Sunday, February 10, 2008

For the Love of Music

The relationship between Walter and Clarisse is centered around Clarisse's wholehearted love of music. Growing up in an environment where she was surrounded by stage sets and designs (i.e. things she thought was a "decoration" added to the music), Clarisse "had come to loathe from the depths of her soul everything voluptuary in art" (50). This is perhaps a part of reason why Wagner, who pursued Gesamtkunstwerk.

Also, I think Clarisse had already established her liking for a certain kind of music, such as Beethoven. And being a devoted music-lover that she is, this liking is probably a lot stronger than that of most people. Meanwhile, Musil provides a description of modernists artists as that "all the people involved in destroying the achievements of a preceding good epoch feel they are improving on them" (53). It is possible that Clarisse disliked playing Wagner for that, because Beethoven was already a "genius" to her.

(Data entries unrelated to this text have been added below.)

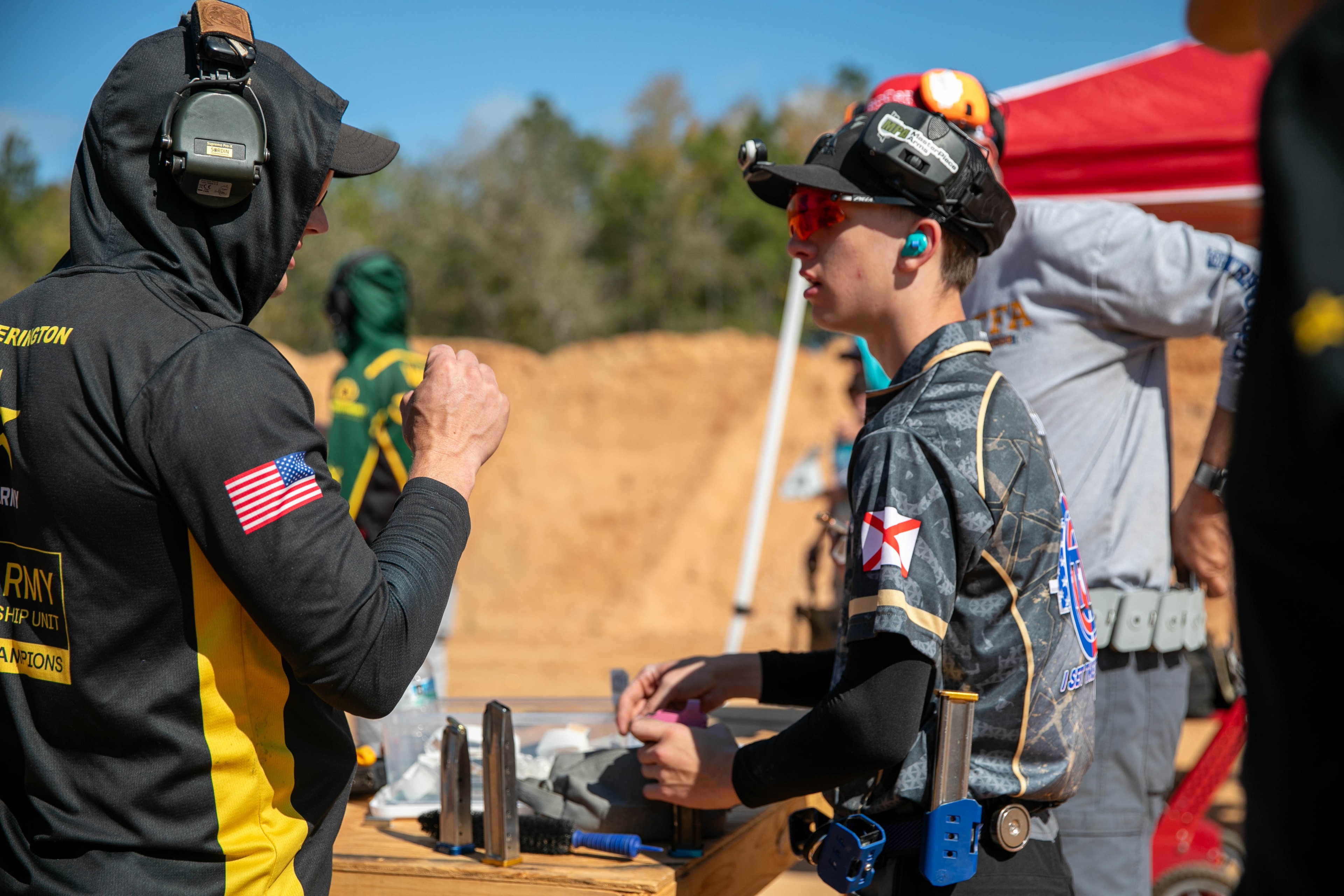 Tripp Wilson and a fellow competitor at an outdoor USPSA match in full tactical gear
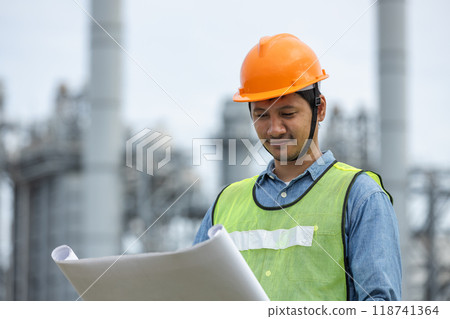Portrait of asian worker power plant factory holding blueprint thumb up and smiling. 118741364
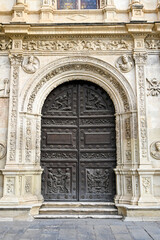 The renaissance wooden door with Latin inscriptions on the Plateresque facade of Seville Town Hall.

When Walter and Clarisse sit down in front of the piano, they have a certain commitment as musicians. Music clearly means a lot to them, and even if they didn't like each other at all, for example, I think they will still play cooperatively to keep the music that they produce beautiful. They therefore get along very well when they are playing a duet, unless Walter is playing Wagner. They don't have the same sort of connection when they are simply having a conversation. Clarisse probably simply loves the music talent in Walter, and not Walter himself. That is why her love is strong when they are playing a duet, weaker when they are not, and even rejects when Walter plays Wagner.